Pork tenderloin with apples

Tonight's meal was cooked by me. It was absolutely delicious. Roast pork tenderloin with an apple, onion, and rosemary sauce. The mild sweetness of the meat and balsamic vinegar/broth reduction played well against the apples and sauteed onion. So far this is my favorite dish.
A plate comes in at only 215 calories.

Ingredients (serves 4)
1 tablespoon olive oil
1 pound pork tenderloin, trimmed of all visible fat
Freshly ground black pepper, to taste
1 cup chopped onion
1/2 cup chopped apple
1 1/2 tablespoons fresh rosemary, chopped
1 cup low-sodium chicken broth
1 1/2 tablespoons balsamic vinegar

Preheat the oven to 450 F. Lightly coat a baking pan with cooking spray or light oil.
In a large skillet, heat the olive oil over high heat.

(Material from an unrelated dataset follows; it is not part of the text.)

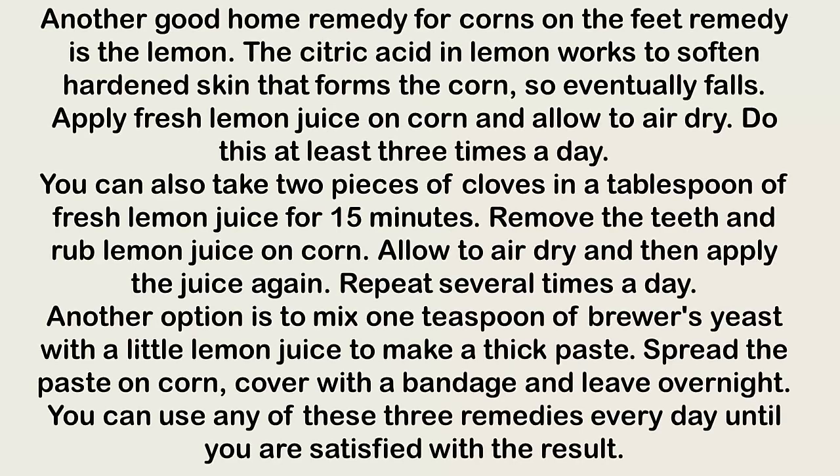Lemon. Another good home remedy for corns is lemon. The citric acid in lemon works to soften the hardened skin that forms the corn so it eventually falls off. Apply fresh lemon juice on the corn and allow it to air dry. Do this at least three times a day. You can also soak two cloves in a tablespoon of fresh lemon juice for 15 minutes, then remove the cloves and rub the lemon juice on the corn, allowing it to air dry.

Add the pork and sprinkle with black pepper. Cook until the tenderloin is browned on all sides, about 3 minutes. Remove from heat and place in the prepared baking pan. Roast the pork for about 15 minutes, or until a food thermometer indicates 160 F (medium).
Meanwhile, add the onion, apple and rosemary to the skillet. Saute over medium heat until the onions and apples are soft, about 3 to 5 minutes. Stir in the broth and vinegar. Increase the heat and boil until the sauce has reduced, about 5 minutes.
To serve, cut pork into medallions, pour the onion-apple mixture over the top.